In his book, “From We Will to At Will: A Handbook for Veteran Hiring, Transitioning, and Thriving in the Workplace,” Constantine provides employers with best practices for hiring and retaining veterans. Of all the chapters in his book, he said, the most helpful for employers are about military mannerisms. During interviews, the language barrier between military and civilian life becomes apparent, he said.
“Veterans and active military are some of the most fun-loving, social people you’ll ever meet, but they often come across as stoic and rigid in an interview,” Constantine said. “We’re trained to speak to superiors using BLUF: bottom line up front. We’re not being unfriendly, we’re just used to getting to the point.”
Constantine asked the audience to share their own experiences interviewing veterans. An HR professional at an architecture firm said his company recently hired a graphic designer who had served in the military. The veteran’s work was impressive, but the team thought it was odd that he wanted to stand during the entire interview. The HR professional had to remind himself, and his team, of the military’s strict behavioral expectations, and that they shouldn’t count the candidate’s conduct against him.
Once hired, service members can get frustrated with civilian jobs, which are not as structured as those in the military.
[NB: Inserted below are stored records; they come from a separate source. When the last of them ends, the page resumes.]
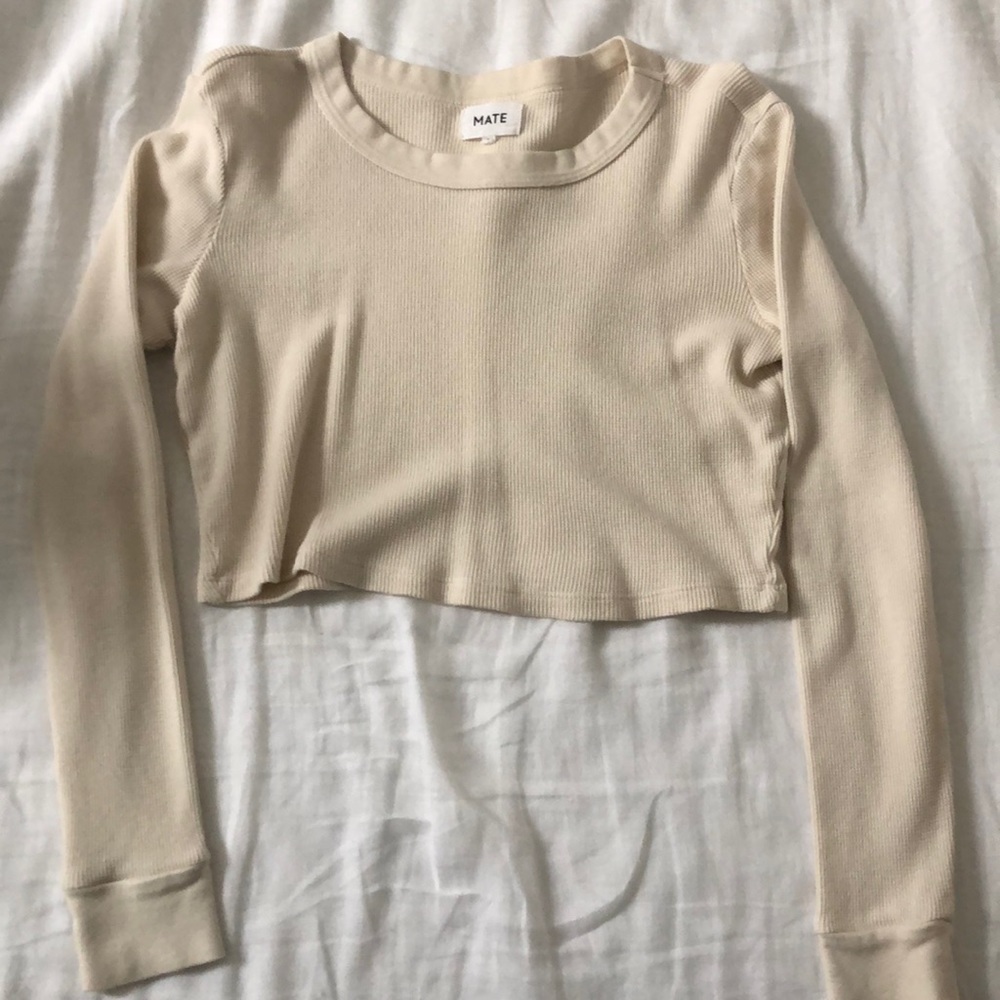 Mate the Label cropped waffle thermal long sleeve shirt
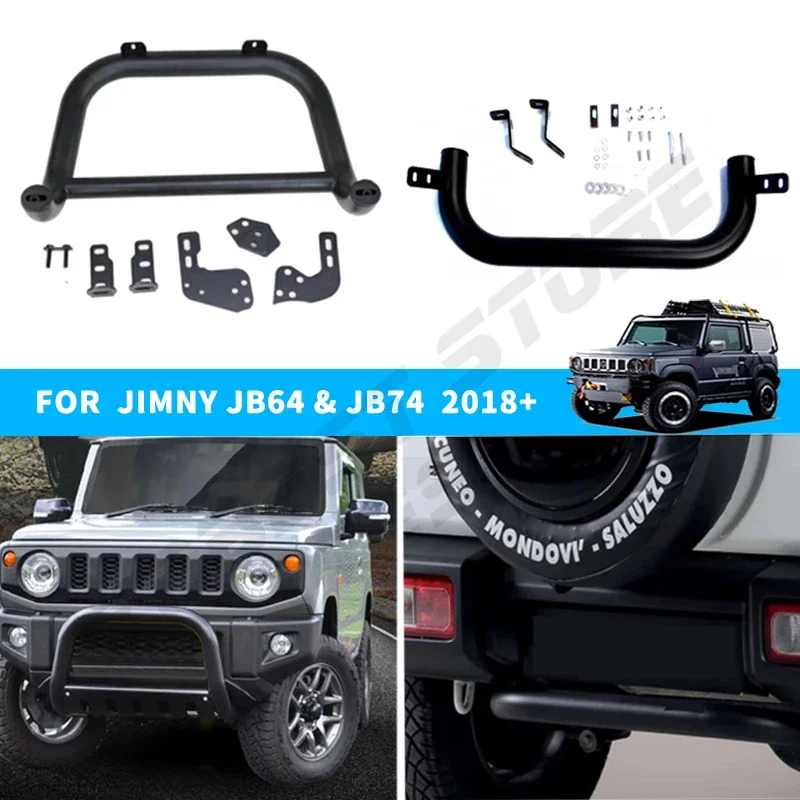 Car Front Rear Bumper Steel Bull Bar Front Bumper Guard Protect Rear Bumper for Suzuki Jimny JB74 JB64 2019 2020 2021 2022 2023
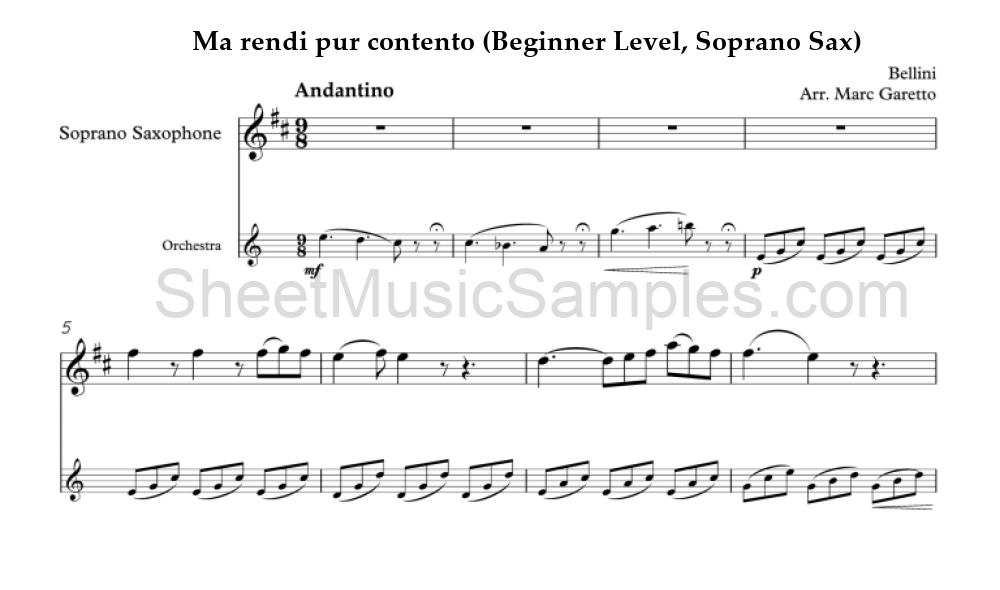 Ma rendi pur contento (Beginner Level, Soprano Sax)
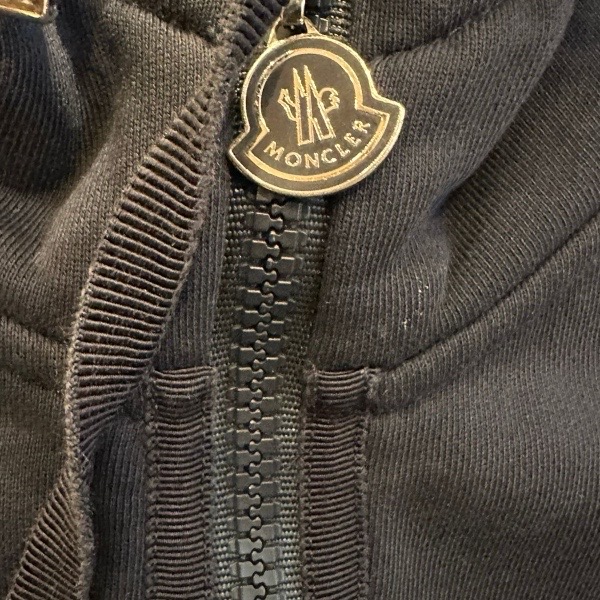 Moncler Navy Blue Cotton Zipped Hoodie - Image 2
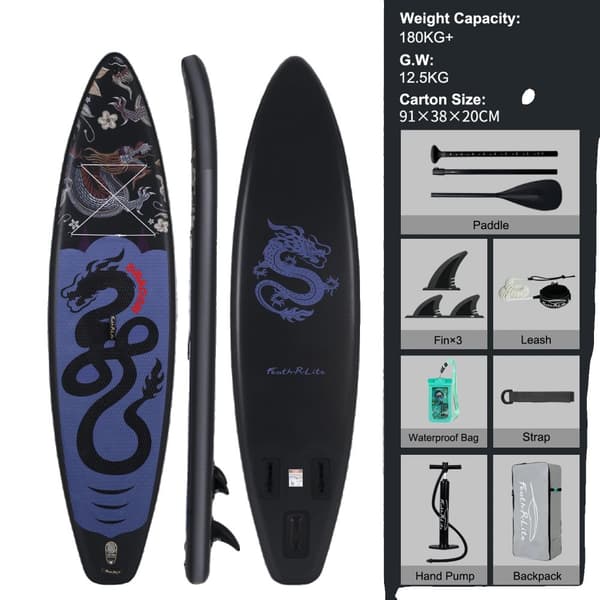 Uppblåsbar Stand Up Paddle Board, 180KG+ viktkapacitet, lättviktsdesign på 12,5KG,FR17U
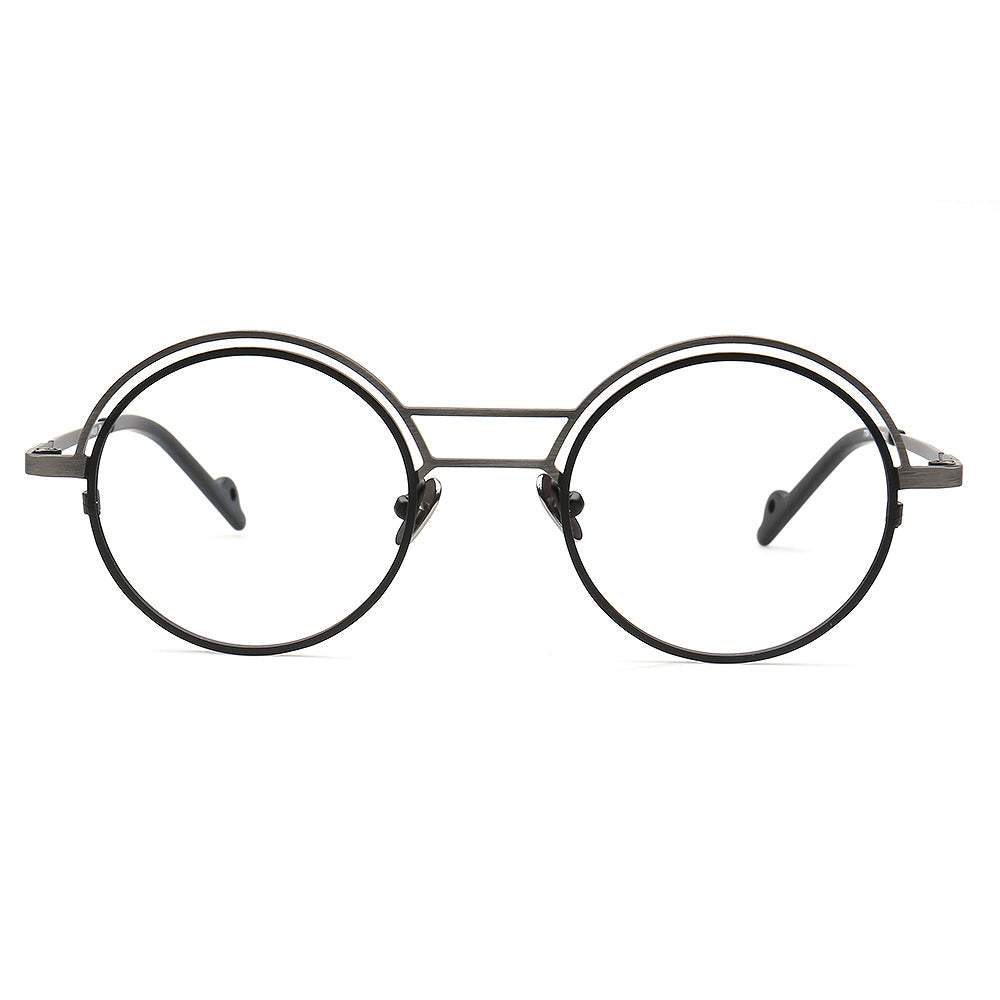 Echo | Round Titanium Stylish Eyeglass Frames Men | Vintage Women Double Bridge Glasses Frames Two Tone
These employees are goal-driven and need regular input from supervisors in the form of performance reviews, he said.
“In our world, no news is bad news,” Constantine said. “We’re used to getting constant feedback, so tell us how we’re doing.”
He also reminded the HR professionals in the audience that common reasons for not hiring service members — like fears of PTSD and the chance of being called for service abroad — are illegal and considered discriminatory.
But those considerations aside, he said, with the current talent shortage, employers can’t afford to ignore such a skilled talent pool.
“You’ll get an employee with endurance, mental toughness and discipline if you hire active duty and veteran employees.”